During the Middle Ages, European measurement standards went from diverse, local and confusing, to something like “national though still confusing.” Originally, each trade in each city policed measurements, so not only did the sizes vary from place to place, but also from trade to trade. The joke about which is heavier, a pound of feathers or a pound of lead, would not raise a laugh in a medieval town. They’d just wonder—because the metal workers and feather-pillow-stuffers probably did use different “pounds.”
One early medieval measurement was something around a hundred pounds, and it was called a “centner” (notice the root for “hundred,” from Latin centum). But a centner of wax was not equal to a centner of food, silk, yarn, lard, or lead. 12th-century Paris had two official royal scales: one was used only for wax, for which all of the weights were different.

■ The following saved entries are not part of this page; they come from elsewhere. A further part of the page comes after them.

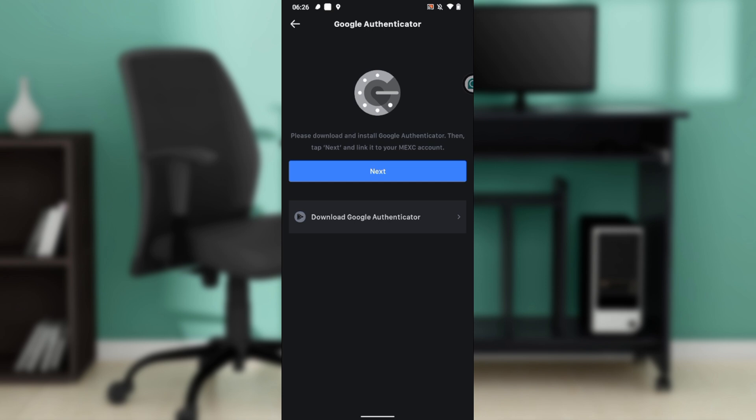Tap next and link it to your MEXC account. If you don't have the Google Authenticator app, you can click here to download Google Authenticator. After downloading it, go ahead and click on next, and once you click on next, you'll be able to link Google Authenticator to your MEXC account. You can click here, then head over and click on next to finish with the steps and link it to your MEXC account.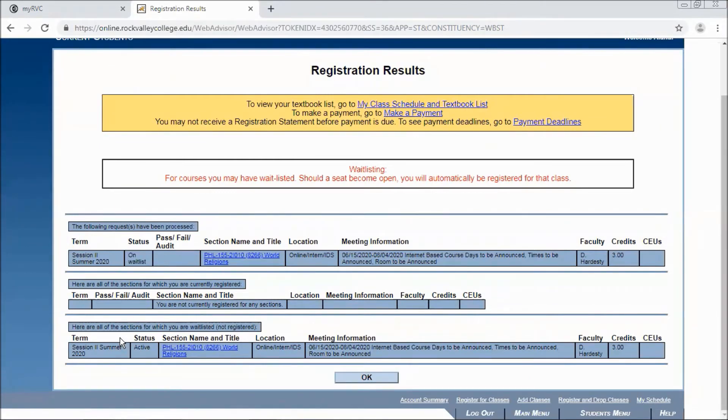Going down, it says here are all of these sections that you are waitlisted for and active. So if you have other waitlisted sections, they'll also appear below.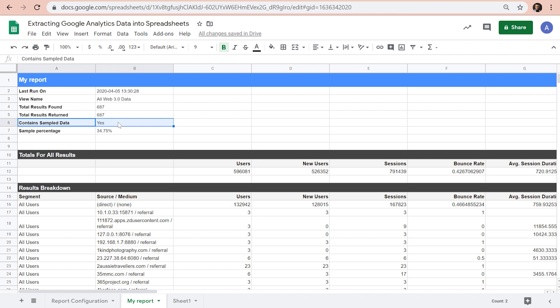In this case, we can see that the numbers are being extrapolated based on less than 35% of the actual available data. In the final section of this tutorial, I will show you how we can try to eliminate the effect of data sampling in our reports.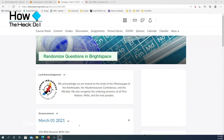In this video, we will see how we can randomize questions in a quiz in Brightspace. First, we will create a question pool and from that pool of questions, we will randomize the questions in the quiz. Different students will have different questions when they are attempting the quiz. That's the objective.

The Magna Carta was signed into English law around this period, and it noted that the realm needed to adopt national weights and measures. Local ones allowed merchants to cheat too easily because it was hard for a traveler to understand the local measurements. It was impossible to have an agreement that was binding for the whole nation when words meant different things. As late as 1340, the king was still trying to reform the weights and measures system by sending in new (identical) sets of weights to each county.
Local enforcement was done by guild, and since the guilds elected the mayor (he was the Major–the leader–of the guild chiefs), from the mayor’s office. The mayor kept a set of weights and measures that were official for that time–by 1340, obviously they had to match the royal ones. But someone needed to keep a log book of how many guilds and merchants had verified their weights with the mayor’s set. In London, this job typically went to the widow of a town official. The widow could keep the weights in her home as a genteel way to support her family (she charged certification fees to each merchant or guild).

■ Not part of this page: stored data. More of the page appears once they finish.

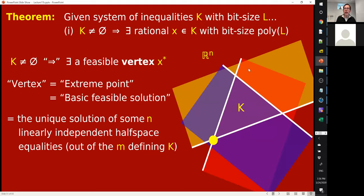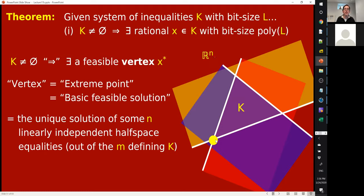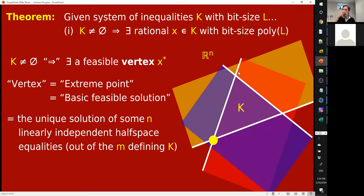What is a vertex? In this picture you have a bunch of M linear inequations. If you turn the inequalities into equalities, you get half spaces — depicted by white lines in the diagram. We're in N dimensions. A vertex is the unique solution of some N linearly independent half-space equations. If you have N equations in N unknowns, modulo annoyances, there's a unique solution when they're linearly independent. These are affine half spaces with a non-zero right-hand side, and these solutions are the vertices — the corners of K.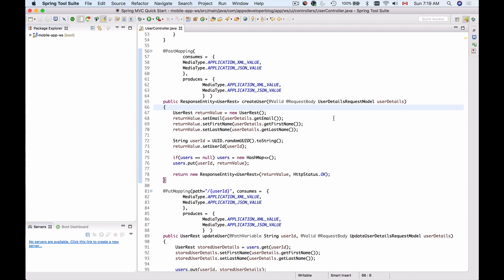When building your application, ideally Java classes should be independent from each other as much as possible. When your Java classes are independent from each other, you can reuse them in other places of your application and you can also test these classes independently. Dependency Injection helps us to achieve this independency between Java classes.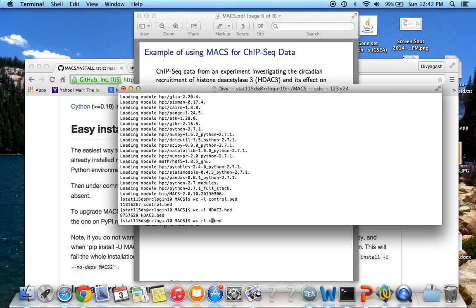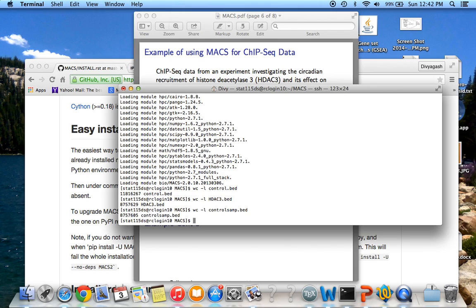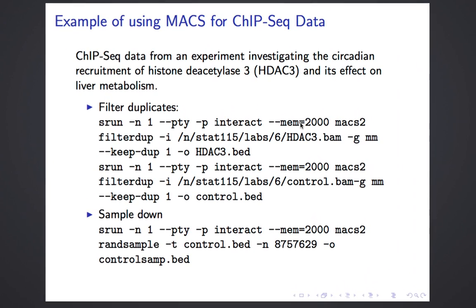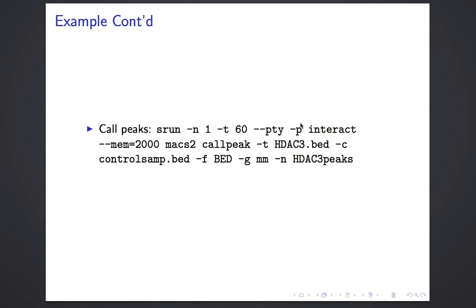After sampling down the control file, there are about 8.8 million reads. They might not be exactly the same, but we don't expect them to be exactly equal — it's fine if they are in the same ballpark. After doing those two steps, we are ready to call the peaks.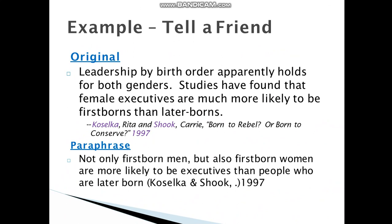For example, the original text is: 'Leadership by birth order, apparently, holds for both genders. Studies have found that female executives are much more likely to be first-borns than later-borns.' The documentation is written down. The paraphrase is: 'Not only first-born men, but also first-born women are more likely to be executives than people who are later born.' He wrote the name of the writer and the year of publication. Here, I considered the text as being told to a friend — I told them what I understood from the original text.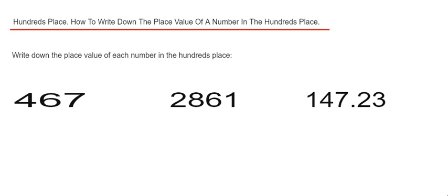Today I'm going to show you how to write down the place value of a number in the hundreds place. To do this we just need to count three digits from the end or the right hand side of the number. Let's have a look at example 1 then.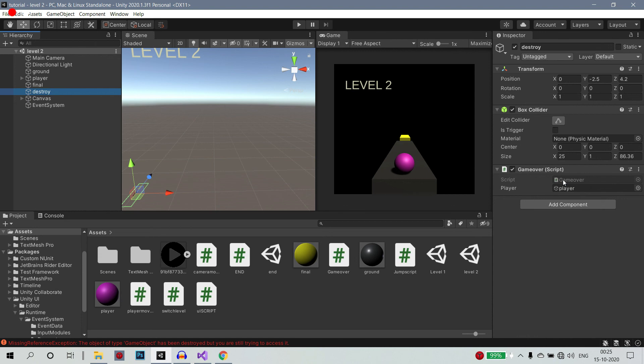Ok guys, so this is all simple guys. So now we are going to go to level 1, level 2, level 3. So this is an off-chain. So now we are going to create a game. Ok guys, so this is the basic concept that we are going to create the game. So next video is the finishing of the game - next video is the last video.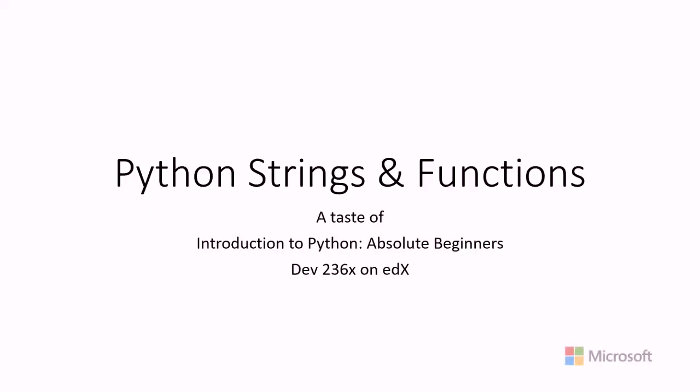This course is a little taste of the Introduction to Python Absolute Beginners course that is on edX.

Early, primitive weights in places like Scandinavia were made of iron and shaped like something cool, such as a lion. Later, royal weights were still made of iron most of the time, but they came in standard shapes like cubes or bells. They had to be marked by the blacksmith who cast them, and they had to include a ring on top, in case they needed to hang from a hook. Eventually weights shifted to brass, which was cheaper. Discount-quality weights were made of lead–the cheapest metal, but soft enough to pare away with a knife without anyone noticing.
Each merchant had his own set of weights; it was part of the cost of doing business. With a balance on hand, he could measure out portions and then hand them to the buyer, who put them into his own containers. Buyers usually watched to see if the merchant left his hand near the balance pan that held bread, meat or wax. He might be using sleight of hand, like a magician, to distract the buyer while he held the balance pan down to an inaccurate weight. Buyers could watch for this kind of trick, but they could not make sure the weights themselves were not wrong. On the other hand, some buyers turned out to be undercover town officials, so merchants were hard pressed to cheat openly.
Merchants who sold underweight goods were fined heavily. When their goods were edible, like under-sized loaves of bread or shrunken casks of wine, the confiscated wares became jail food. In later times especially, towns went a step farther, shaming dishonest merchants in public pillories.
A town’s reputation rested on how well its government policed weights. This was fair, since the town government was usually directly elected by the craft guilds, and the craft guilds could decide how much it mattered to them if the town had a bad reputation. If they wanted more policing, they could tax themselves more for increased supervision. Most guilds took a hand in the process on their own, too.